John Muir, one of America's most treasured naturalists and proponent of conservation, visited Yosemite Valley in 1868 and was smitten by its grandeur.
He was soon publishing and organizing with energy and commitment that came to fruition in 1890, when California's Yosemite National Park was founded. Today, 3 million people visit Yosemite every year to enjoy the gem of the National Park System.
Although Yosemite was his greatest accomplishment — he also helped with establishing Grand Canyon and Sequoia national parks — Yosemite was also his most bitter defeat.
For Muir, Yosemite National Park had two magnificent valleys, Yosemite and Hetch Hetchy. After describing it as a mountain valley waist-deep in wildflowers, with 2,300-foot cliffs and a 1,700-foot-tall waterfall, he wrote: "It appears, therefore, that Hetch Hetchy Valley... is a grand landscape garden, one of Nature's rarest and most precious mountain temples."
Unfortunately, a company proposed damming the Tuolumne River, turning Hetch Hetchy into a reservoir.
The paperwork that approved the dam included a clear statement forbidding any public use of the company's reservoir. No living person has seen Hetch Hetchy as Muir saw it, for its grandeur was submerged. Furthermore, we cannot swim, nor launch a canoe or kayak there — we are not allowed to use that big, deep reservoir in our national park.
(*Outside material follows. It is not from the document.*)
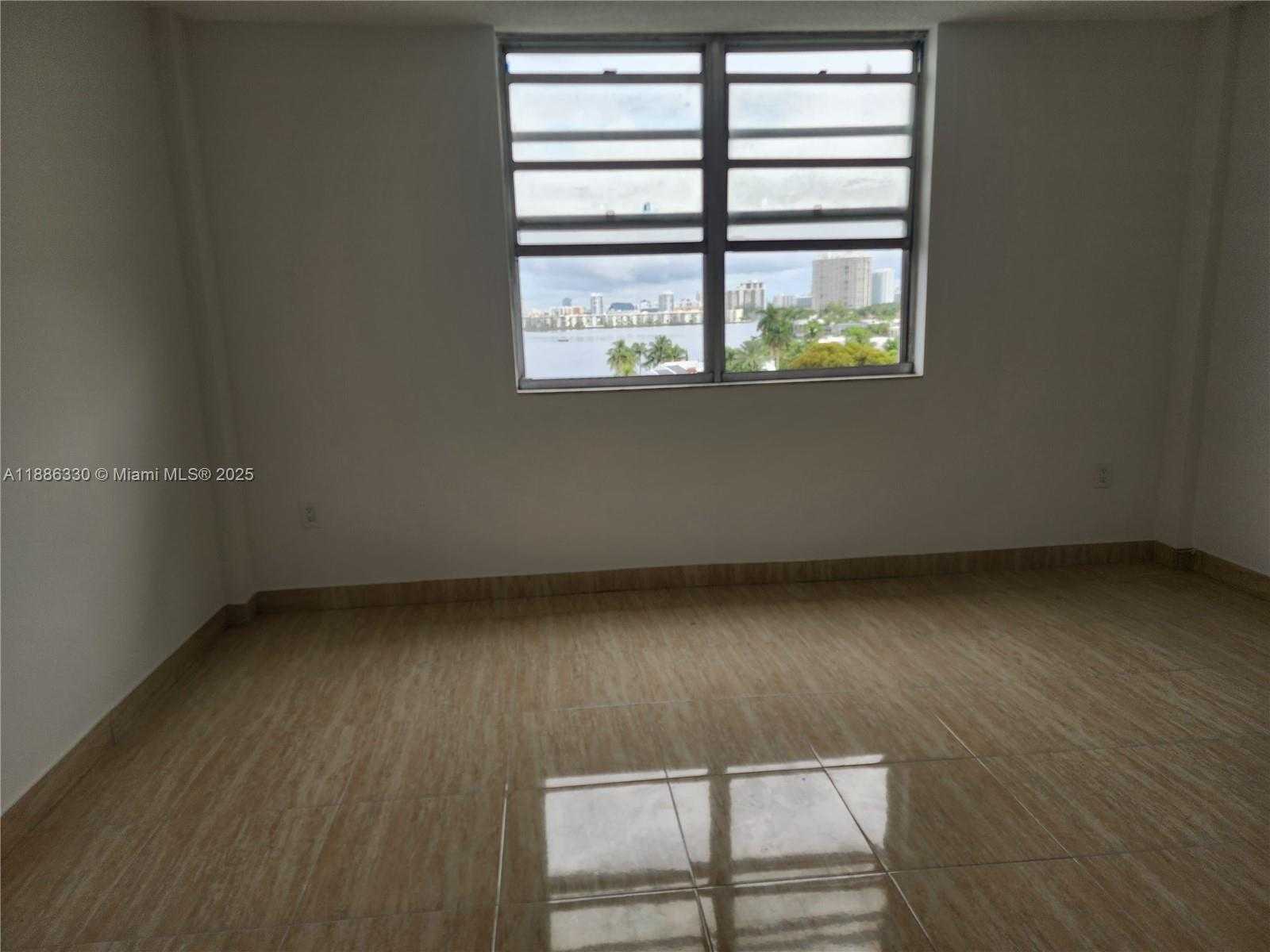 Small Image of 2841 NORTH EAST 163RD ST #805, North Miami Beach Number 12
A few years ago, I lent my support to the public effort to establish Browns Canyon National Monument, located northwest of Salida. I wrote several columns and donated photographs to groups drumming up support. I am proud that I played a small part when many diverse groups came together to save a beautiful river canyon. Forevermore!
I have spent time in this last decade exploring the Grand Staircase of the Escalante and the Bears Ears National Monuments in Utah, and both offer truly exceptional landscapes.
Within the Grand Staircase, Tunnel and Zebra slots, the waterfalls in Calf Creek, Golden Cathedral in Neon Canyon, Devil's Garden, Grosvenor Arch, Yellow Rock and Smokey Mountain provided thrilling adventures.
Within the Bears Ears, I have been to Valley of the Gods, Monarch Cave, the Procession Panel, Seven Kivas and the Citadel, and each of those adventures was profoundly moving.
Last November, I was with a group of people visiting Anasazi sites in Utah's Road Canyon when we learned that 380 acres of Comb Ridge had been sold to the highest bidder.
For those of us on that trip, it was unthinkable that a valued parcel of America's heritage had been taken from the American people and transferred as private property to a single person with deep pockets. The remainder of Comb Ridge is now protected in the Bears Ears, but, for me, this sale was a warning that the tragedy of Hetch Hetchy might recur.
Recently, the Utah Legislature discussed a proposal to ask President Donald Trump to dismantle the Grand Staircase of the Escalante and the Bears Ears monuments. This is desecration, and must be stopped.
National parks and monuments belong to the people of the United States, for this generation and all subsequent generations. Our national parks and monuments do not belong to the state in which they reside, they belong to our nation.
In its first step, the Utah Legislature recently voted and approved a motion urging the president to rescind Bears Ears National Monument, requesting instead two smaller conservation units that would be managed by the state.
The lesson of Hetch Hetchy rises as an ominous specter, warning us of the egregious error that allowed something pristine, precious and magnificent to be taken away from us. We have seen how the state of Utah would manage those lands — they would be put up for sale, sullied with drilling rigs, pumping stations and heavy equipment.
We must protect that which belongs to all of us.